Internet cabling involves setting up a wired home network that enables devices like your computer and TV to connect directly to the network. In this article, we’ll look at the pros and cons of internet cabling so that you can decide whether or not it’s the right solution for your home and family.
Benefits of internet cabling
Let’s start with the good stuff. Here are a few of the top benefits of home network cabling.
1. Internet cabling can deliver a more reliable connection
Cabling can improve the reliability of your internet connection. Because the signal travels through physical copper wires, you don’t have to suffer through interfering Wi-Fi signals and wireless channels transmitted by your broadband router.

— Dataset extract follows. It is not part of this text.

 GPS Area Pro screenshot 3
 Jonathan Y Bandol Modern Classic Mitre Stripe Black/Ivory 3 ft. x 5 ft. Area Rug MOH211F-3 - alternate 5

What’s more, internet cabling can ensure each room of your home gets a strong, consistent internet connection. A wireless internet signal becomes weaker the further it travels – add some thick brick or concrete walls or a second storey into the mix, and you’ll be lucky to secure one bar. Adding Ethernet ports to a house can resolve this problem.

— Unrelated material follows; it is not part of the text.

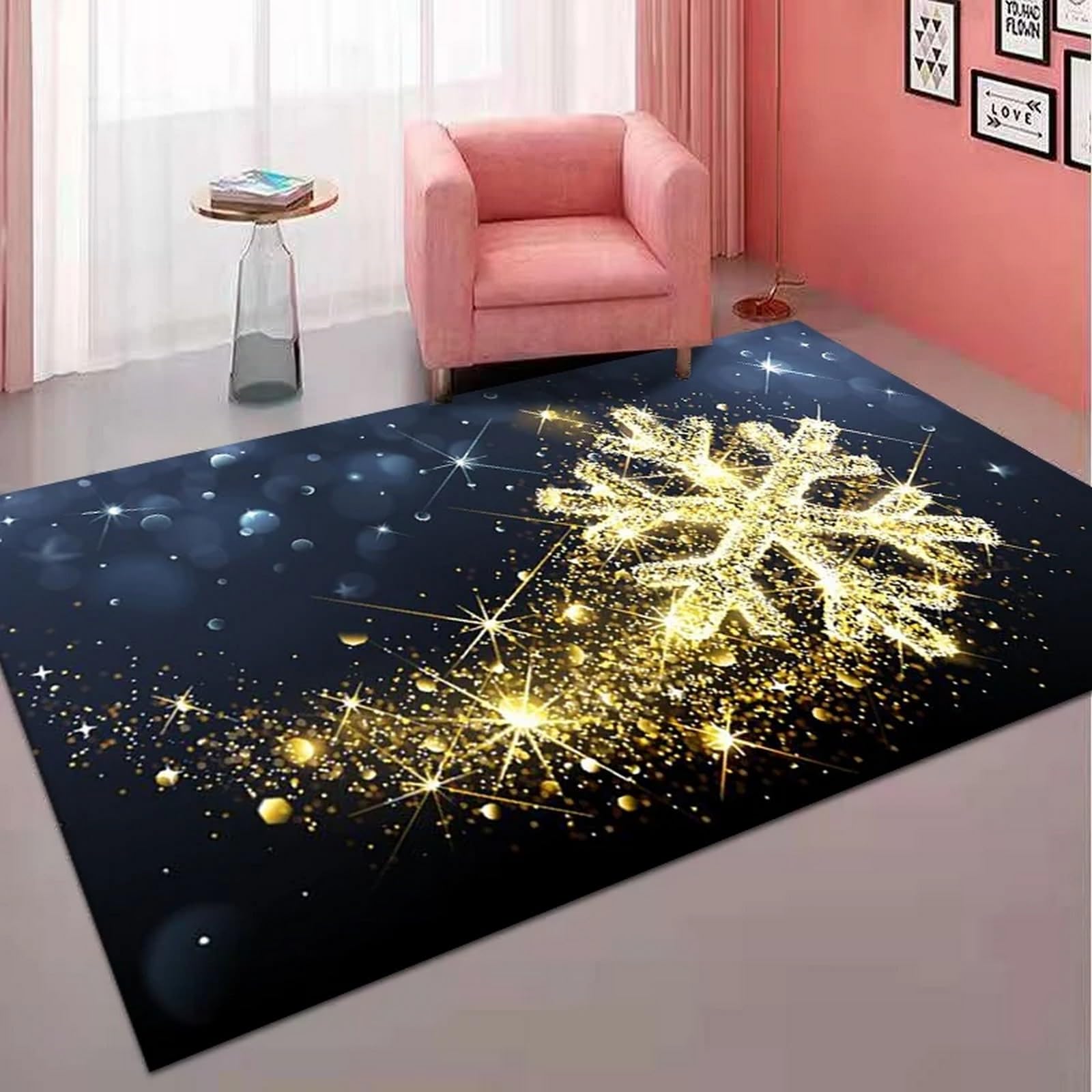 Tapis de Noël pour salon créant une ambiance festive de chambre d'enfant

2. Wired internet connections typically deliver higher-speed connections
In the vast majority of cases, an Ethernet connection will provide higher speeds than a Wi-Fi connection.
It’s worth noting, however, that wireless technology has come leaps and bounds. In some cases, installing internet cabling throughout your home to improve speeds is overkill. You may just require a new modem or better internet plan – both of which the Computer Cures team can help you with.
3. Ethernet cabling improves Wi-Fi coverage
You can combine the power of internet cabling with the convenience of Wi-Fi to create a fast and reliable at-home internet connection that services every room of your house. Here’s how it works:
- You have a room with poor Wi-Fi connection signal.
- An Ethernet cable port is installed in this room.
- You connect a Wireless Access Port (WAP), which provides a connection back to your router.
4. Internet cabling is more secure
Every day, the Australian Cyber Security Centre receives 164 cybercrime reports. That’s one every 10 minutes. These figures are only getting higher, too, with many malicious users looking to capitalise on new work-from-home arrangements.
Wired home networks offer another layer of security, although they will not protect you against hackers attempting to access your network remotely via tactics like scam emails. Wired connections don’t broadcast wireless signals, which means anyone in your local area wanting access to your network needs to connect physically with a cable.
Disadvantages of internet cabling
Now, let’s take a look at some of the potential cons of Ethernet cabling.
1. Installing a wired network at home may not be the most cost-efficient solution
If all you want is a faster internet speed, installing a home network may not be the most economical solution. You may experience a faster connection by simply purchasing a newer modem or investing in a few Wi-Fi signal boosters.
2. Internet cabling is not as flexible as Wi-Fi
If you invest in home network cabling, you’ll need to decide on the number Ethernet ports to install. Consider both the number of Ethernet-connectable devices you have today and any more devices you plan on purchasing in the future.
3. Wired home networking may not replace your Wi-Fi
Wired home networking is great for your PC and smart TV, but you can’t eliminate the need for Wi-Fi altogether if you want to connect your smartphone or tablet to the internet.